We are allowing children and young adults the ability to change their physical appearance and gender earlier and earlier and because it is such a divisive issue we can't have an open discussion about it.
We will have to wait for a couple of decades to see what the fallout will be when these youngsters have had time to reflect. Only then will we know whether this approach is right or wrong or somewhere in the middle.
The result, I fear, will be more suicide—and there's already plenty of that going on.
I shall avoid tying this to any specific debate, but the extreme body modification advocates are clearly involved.
Most people—including myself at times—choose the beliefs that chime with their gut instincts, forgetting, of course, that these gut instincts (like their very bodies) were honed hundreds of thousands of years ago and tailored to survival in a life very different to that we now experience.

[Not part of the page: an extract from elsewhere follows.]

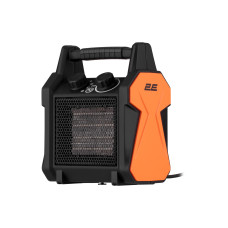 2E Теплова гармата електрична, 2кВт, 20м2, 139 м3/год, керам. нагр.елемент (PTC), переносна, чорний (2E-AHC2000P)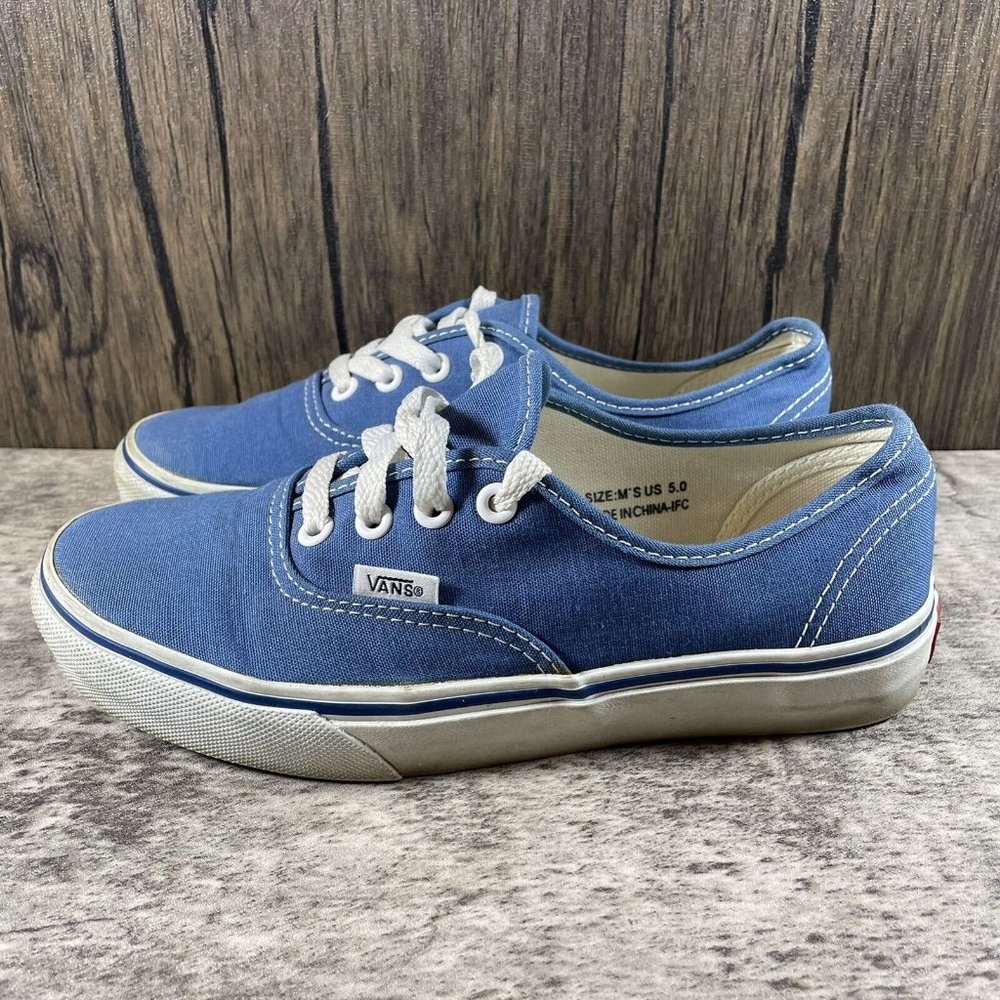 VANS Classic Low Canvas Skate Blue Sneakers Women’s 6.5 - Picture 4 of 8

Both the for and against mobs desperately
want to be right, because they feel deeply that the conclusions we as a society reach will bolster/wound their sense of self-identity.

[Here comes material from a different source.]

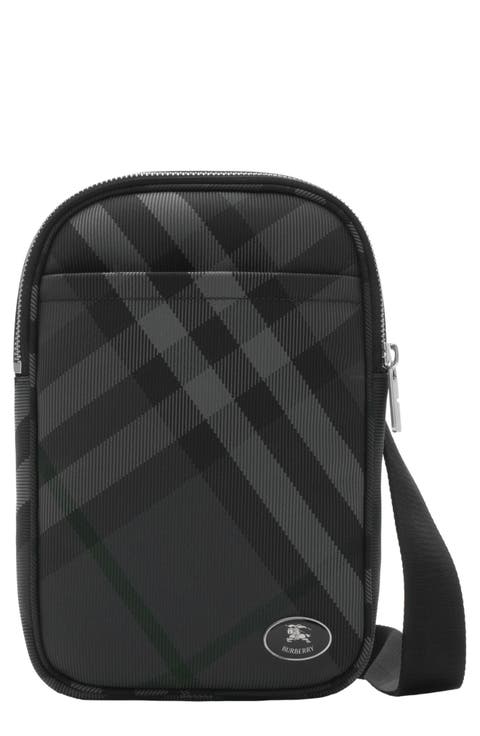 ショルダーバッグ BURBERRY Men Shoulder bag Grey 8089292 Burberry Outlet: Shoulder bag men - Grey | Burberry shoulder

It's relatively easy to disagree about, say, art, science or history, but it's much more challenging when the point of debate is whether one of the debaters is mentally ill, dangerous to youth, or an acceptable member of society. In fact, when art, science or history brush up against such notions of self-identity, these subjects become very much more contentious, and the scientific method, boundaries of historiography, and sense of aesthetics often get left behind somewhat: there's a hierarchy of importance, and modern society has rather egotistically thrust personal identity to the apex.
Personally, I'm trying to bear all this in mind more often, but my man-ape brain is constantly lobbying to seductively simplify complex issues, maximise free time, and generally keep life safe and predictable.